Tales Of Our Times: Issues Fester In Fear Of Partial Credit

Tales of Our Times
By JOHN BARTLIT
New Mexico Citizens
for Clean Air & Water

Issues Fester In Fear Of Partial Credit 

Every public issue is two struggles in one. The first is the struggle to win the issue. The second is the struggle to get credit for winning. Interests face a cruel decision. Is it worse to have a bad outcome or to split the credit for some good?

The best of plans can be rejected for fear a foe may get part of the credit. Examples pile up as we go.  

Say a company reduces its pollution. On one hand, the change makes the environment cleaner. On the other hand, it rightfully earns a polluting company some credit. Should a loyal green applaud or condemn the reduction?

Plausible arguments go both ways. The environment gets cleaner, a turn for the better. On the other hand, giving the company some deserved credit may weaken chances of getting more reductions. Or giving credit may spur more improvements sooner. We can’t be sure.

Credit is not an idle matter. It has tangible value. Like any commodity, it is an item of trade. Credit for doing good helps businesses prosper. Political candidates and their parties need credit to get elected. Citizen groups need credit to gain broad support.

The trading in credit is more confused than other markets. Opposing interests wrestle in the public arena to take everything as credit for their side. How each interest will get its credit, and how each will spend theirs, is a tangled and chancy story. As a result, the look of a winning hand is blurred. Are one’s best interests served by no progress and no credit? Or is it better to win progress, for which credit gets split between you and a foe?

Laid out this way, a coin toss seems the best choice. In practice, the normal choice is no gain with no credit. The struggle for credit for a given success lasts for years. When a success occurs, many are due some credit.
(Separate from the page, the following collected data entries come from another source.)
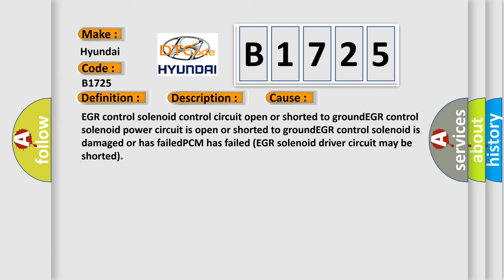This diagnostic error occurs most often in these cases: EGR control solenoid control circuit open or shorted to ground, EGR control solenoid power circuit is open or shorted to ground, EGR control solenoid is damaged or has failed, PCM has failed, EGR solenoid driver circuit may be shorted.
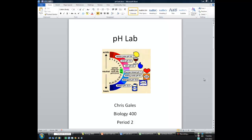Hey, Biology 400. This is Mr. Gales, and today I'm going to be talking to you about how to prepare your pH lab report. You're going to be using the data that we collected in the pH lab in class just today, and so what I want to do is go through with you what you're going to need to do in terms of writing up that data and the kinds of things you need to include in your report.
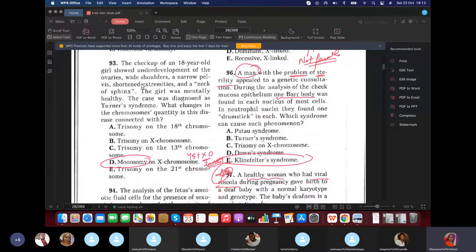Question 93: An 18-year-old girl shows underdevelopment of ovaries and web neck. What chromosome change is this disease connected with? From the previous lecture, it's monosomy — 45,X0 — which is Turner syndrome.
Quickly the struggle then turns to who forced whose hand. Who was right all along? Who is more worthy and sincere?

Old barriers to progress are pulled down and replaced by the new one—the fight for credit. More ingenuity goes into ways to take or prevent credit than goes into solving problems. If I stretch the point, it is not by much.

Our citizens group devised a clear and swifter way to deal with credit. Three times our group sued companies in pursuit of cleaner air and water. Each time, our case was strong enough to bring environmental gains.

Each time, one of the legal remedies we required was an official press release both sides agreed on. Said differently, the looming fight for credit was settled as part of the lawsuit by agreeing to written facts and explanations. The idea is novel, simple and effective.

The scrubber case was the first of these. A legal action we pursued in 1978 concluded with the installation of SO2 scrubbers on the Four Corners Power Plant at a cost of $300 million. The jointly agreed press release from the suit tells the story. The statement tells why the scrubbers were installed and our “nine years of effort,” arguing “strongly, fairly, and honestly” for the controls. Credit is given where due.

 
The statement says the owners’ investment in cleaner pollution controls at the plant totaled $540 million. Credit is given where due. The press release further says the costs add about one dollar a month to a typical household electric bill (of $70 dollars). The news says building the scrubbers creates 600 jobs in construction and 100 new permanent jobs at the plant. Costs are put in context.

Giving fair credit in fair context is easy, if earnestly sought. And it leaves more time for further progress.